Wetenschap
* zwaartekracht: De primaire kracht die op het object werkt, is de zwaartekracht. De zwaartekracht op een object van 3 kilogram nabij het aardoppervlak is ongeveer 29,4 Newton (3 kg * 9,8 m/s²).
* versnelling: Om het object op te heffen, moet u de zwaartekracht overwinnen. Als u eenvoudig * het object stationair wilt vasthouden, moet de kracht die u toepast gelijk en tegengesteld zijn aan de zwaartekracht (29,4 n).
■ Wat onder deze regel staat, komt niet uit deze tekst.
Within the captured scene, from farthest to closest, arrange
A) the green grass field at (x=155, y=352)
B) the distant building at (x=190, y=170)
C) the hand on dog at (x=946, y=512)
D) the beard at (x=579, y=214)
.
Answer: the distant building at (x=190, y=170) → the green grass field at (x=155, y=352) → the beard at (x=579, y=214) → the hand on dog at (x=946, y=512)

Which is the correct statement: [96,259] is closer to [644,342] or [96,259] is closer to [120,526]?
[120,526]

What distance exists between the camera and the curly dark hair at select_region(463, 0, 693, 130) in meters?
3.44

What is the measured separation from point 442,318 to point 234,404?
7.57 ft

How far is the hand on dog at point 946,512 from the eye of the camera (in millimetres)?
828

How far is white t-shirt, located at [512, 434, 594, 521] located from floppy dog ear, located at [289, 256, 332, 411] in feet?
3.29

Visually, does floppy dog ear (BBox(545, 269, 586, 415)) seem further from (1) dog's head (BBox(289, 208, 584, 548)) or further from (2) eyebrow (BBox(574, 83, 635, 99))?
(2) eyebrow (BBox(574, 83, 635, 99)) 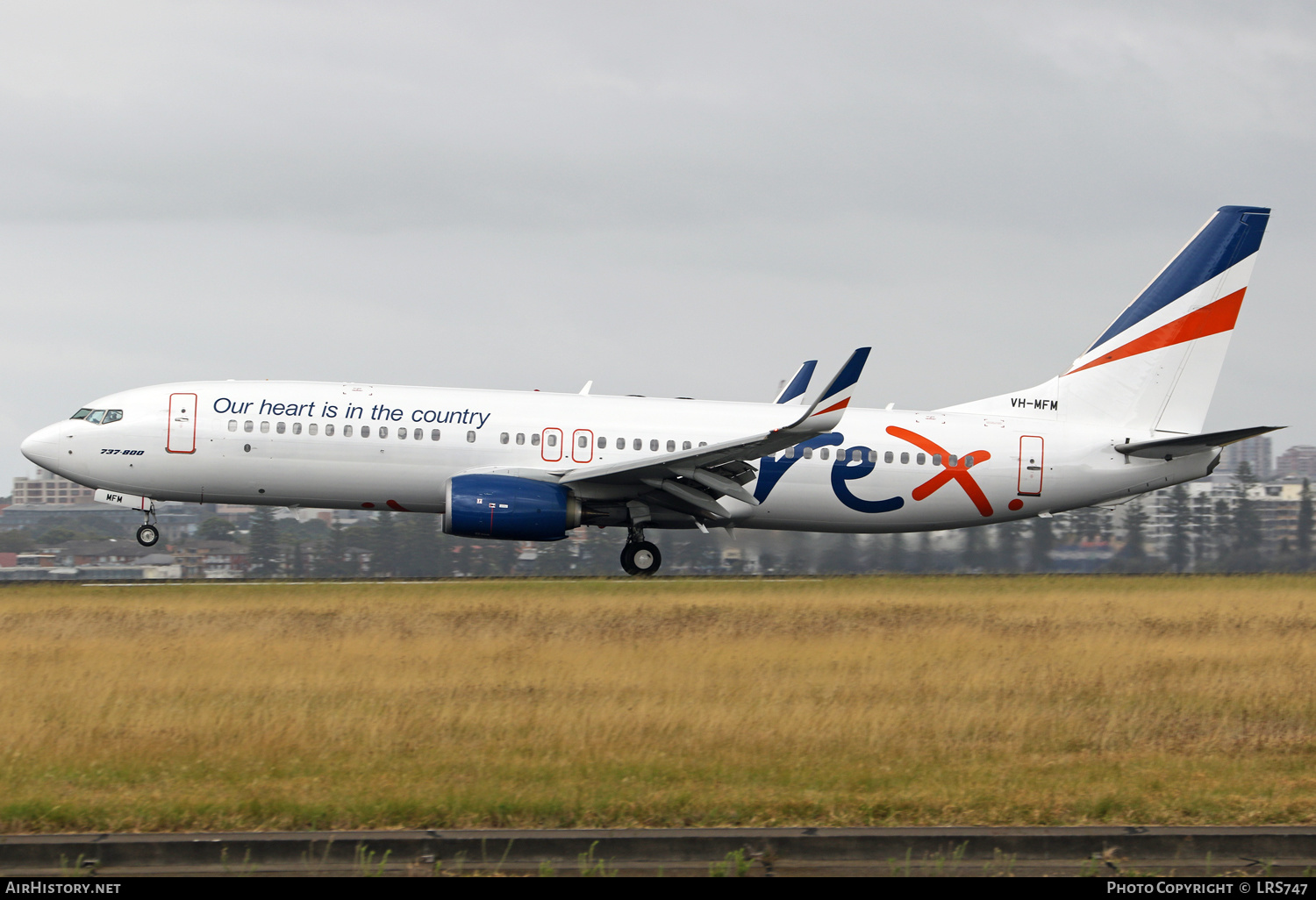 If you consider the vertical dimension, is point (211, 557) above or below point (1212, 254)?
below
* Opheffen met constante snelheid: Als u het object met een *constante snelheid *wilt tillen, moet de kracht die u toepast gelijk is aan de zwaartekracht (29,4 n). Dit komt omdat de netto kracht die op het object werkt nul is, wat resulteert in geen versnelling.
* Ophalen met versnelling: Als u het object wilt optillen met een *versnelling *, moet u een kracht die groter is dan de zwaartekracht toepassen. De exacte kracht hangt af van de gewenste versnelling. We kunnen dit berekenen met behulp van de tweede wet van Newton:
* f =ma (Kracht =massa * versnelling)
Samenvattend:
Om de omvang van de kracht te vinden, moet u weten:
* Of u het object stationair wilt houden, til het op met een constante snelheid of til het op met een versnelling.
* Als u het met een versnelling wilt tillen, moet u de gewenste versnelling kennen.